We all like to be in control of our lives and the future. Ideally we would want to predict our future (that’s why the astrologers are in business) and navigate and control towards certain outcomes in our lives. But do we really control anything in our lives? Can we control how others respond? Can we create more certainty in our lives by trying harder?
Control – my dear friend is the greatest fallacy there is. So does that mean we are just a puppet in the hands of forces of life? Or is there something we can do to create happiness and good life?

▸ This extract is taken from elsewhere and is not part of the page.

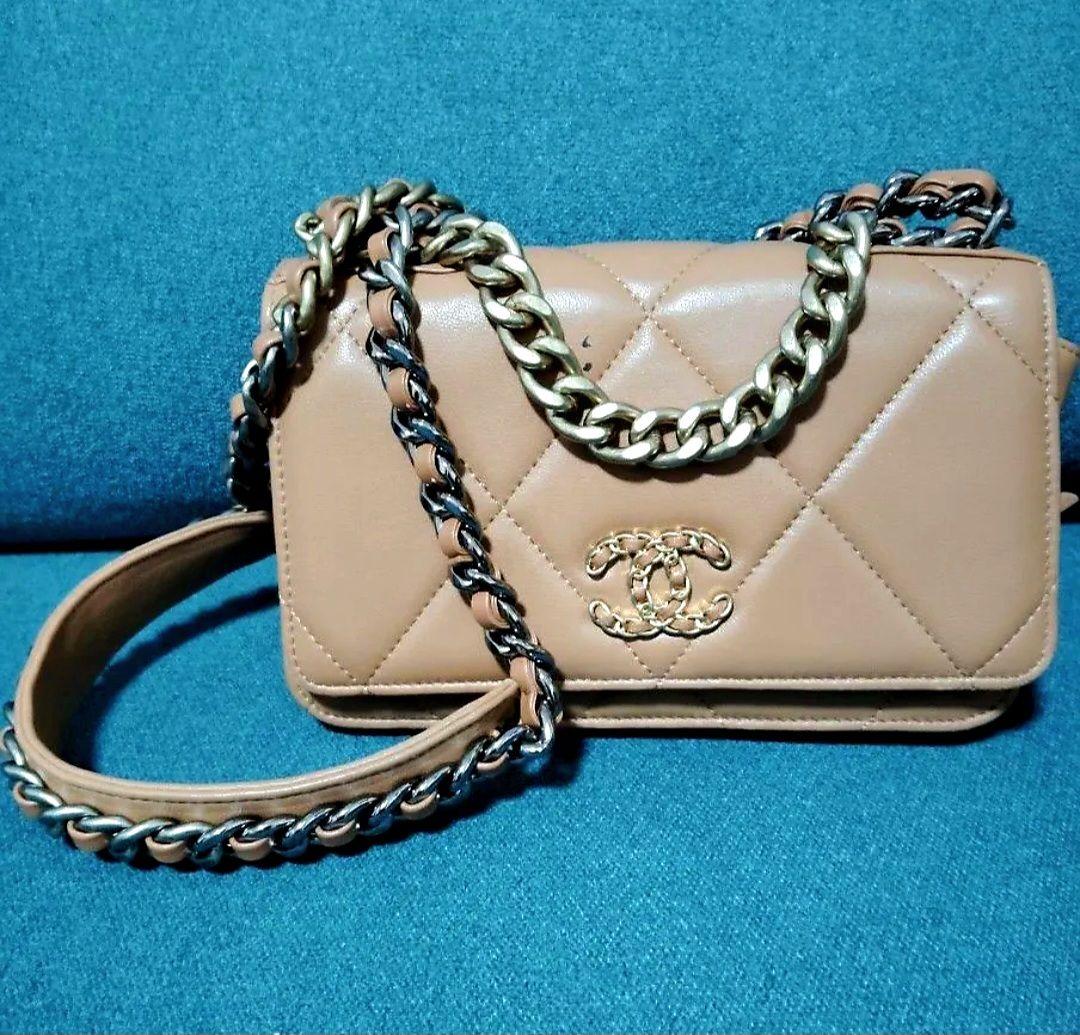 CHANEL19 チェーンウォレット CHANEL】シャネル『シャネル19 ポーチ付 チェーンウォレット』AP0985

Why is control a losers game?
When it comes to machines there is a great degree of control we can exercise by properly applying scientific principles. We can also to a large degree control our performance in early years – as in when we are school and college and our grades depend mostly on us. As we get older our world gets more complex and our effectiveness starts depending on “interpersonal skills” and what others think of us and how they relate to us. We inadvertently, continue our habit of seeking control and have difficulty dealing with people, as people don’t respond like physical things do.
Control of others presupposes we can can understand, analyze, solve the puzzle and hence impact the domain of human behavior. We feel if we can “logically explain” to someone why what they are doing is “not right” that they would change and “do what we think is right”. There is no bigger futile exercise than trying to get someone to act a certain way based on logic.
Response-ability
In reality all we control is our “response” “ability”. That is, we can not prevent certain things from happening, people from doing what makes sense to them (yes it all makes fair sense to them), people taking their sweet time to respond or change or not change at all.
Our key to happiness is to focus on our own ability to respond to life and life’s situation and let go of the rest. This does not mean that we never give advice, or seek anything from anyone, but we need to do that as a process of sharing our truth without getting entangled in the trap of “hoping they would understand”. We can also seek to understand the other person’s perspective and if it is not practical to find a solution, have the courage to “do what we need to do”.
Often we get trapped in the drama and almost love the drama without realizing that in the end it is not adding value to our lives and only weakening quality of our own life. Reminds me of the lyrics of “Iris” by Goo Goo Dolls:
“And you can’t fight the tears that ain’t coming
Or the moment of truth in your lies
When everything feels like the movies
Yeah you bleed just to know you’re alive”
Anyhow, back to the topic, we need to realize, that we don’t need to participate and get entangled in others self-journey, hangups, or whatever qualities they have. Our work is simple, to tell and live our truth and make choices of how we interact and respond to others based on alignment with who we are.
At the end it is not about logic, right or wrong, but simply about “what works for us” and “what does not work for us”. Accepting people as they are and freeing ourselves to do the same way is the best way to be happy.